[pypy-commit] pypy default: issue #1508: fix these last two usages of a fixed-ascii string-to-unicode

Sun Jun 2 20:48:24 CEST 2013

Author: Armin Rigo <arigo at tunes.org>
Branch: 
Changeset: r64713:64c70e584a54
Date: 2013-06-02 20:47 +0200
http://bitbucket.org/pypy/pypy/changeset/64c70e584a54/

Log:	issue #1508: fix these last two usages of a fixed-ascii string-to-
	unicode convertion, which CPython doesn't do anyway.

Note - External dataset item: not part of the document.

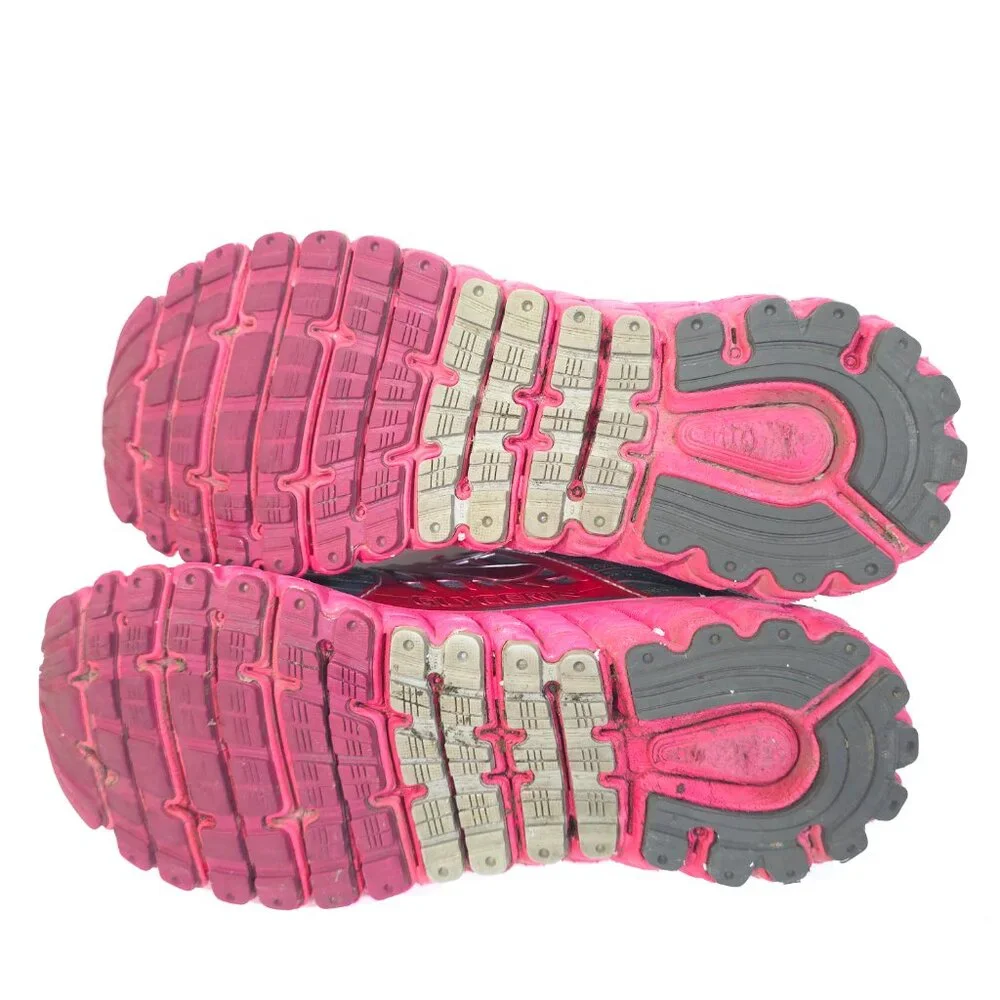 Brooks Ghost 14 Women’s Gray Pink Running Shoes Cushion Support Sneakers 8.5B - Picture 4 of 10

diff --git a/pypy/objspace/std/formatting.py b/pypy/objspace/std/formatting.py
--- a/pypy/objspace/std/formatting.py
+++ b/pypy/objspace/std/formatting.py
@@ -352,9 +352,8 @@
         def std_wp(self, r):
             length = len(r)
             if do_unicode and isinstance(r, str):
-                # convert string to unicode explicitely here
-                from pypy.objspace.std.unicodetype import plain_str2unicode
-                r = plain_str2unicode(self.space, r)
+                # convert string to unicode using the default encoding
+                r = self.space.unicode_w(self.space.wrap(r))
             prec = self.prec
             if prec == -1 and self.width == 0:
                 # fast path
@@ -509,12 +508,10 @@
             result = formatter.format()
         except NeedUnicodeFormattingError:
             # fall through to the unicode case
-            from pypy.objspace.std.unicodetype import plain_str2unicode
-            fmt = plain_str2unicode(space, fmt)
+            pass
         else:
             return space.wrap(result)
-    else:
-        fmt = space.unicode_w(w_fmt)
+    fmt = space.unicode_w(w_fmt)
     formatter = UnicodeFormatter(space, fmt, values_w, w_valuedict)
     result = formatter.format()
     return space.wrap(result)
diff --git a/pypy/objspace/std/test/test_stringobject.py b/pypy/objspace/std/test/test_stringobject.py
--- a/pypy/objspace/std/test/test_stringobject.py
+++ b/pypy/objspace/std/test/test_stringobject.py
@@ -530,6 +530,12 @@
                 del sys.modules[module_name]
             temp_sys.setdefaultencoding('utf-8')
             assert u''.join(['\xc3\xa1']) == u'\xe1'
+            #
+            assert ('\xc3\xa1:%s' % u'\xe2') == u'\xe1:\xe2'
+            class Foo(object):
+                def __repr__(self):
+                    return '\xc3\xa2'
+            assert u'\xe1:%r' % Foo() == u'\xe1:\xe2'
         finally:
             temp_sys.setdefaultencoding(old_encoding)
             sys.modules.update(self.original_modules)
diff --git a/pypy/objspace/std/unicodetype.py b/pypy/objspace/std/unicodetype.py
--- a/pypy/objspace/std/unicodetype.py
+++ b/pypy/objspace/std/unicodetype.py
@@ -13,22 +13,6 @@
     from pypy.objspace.std.unicodeobject import W_UnicodeObject
     return W_UnicodeObject(uni)
 
-def plain_str2unicode(space, s):
-    try:
-        return unicode(s)
-    except UnicodeDecodeError:
-        for i in range(len(s)):
-            if ord(s[i]) > 127:
-                raise OperationError(
-                    space.w_UnicodeDecodeError,
-                    space.newtuple([
-                    space.wrap('ascii'),
-                    space.wrap(s),
-                    space.wrap(i),
-                    space.wrap(i+1),
-                    space.wrap("ordinal not in range(128)")]))
-        assert False, "unreachable"
-
 
 unicode_capitalize = SMM('capitalize', 1,
                          doc='S.capitalize() -> unicode\n\nReturn a'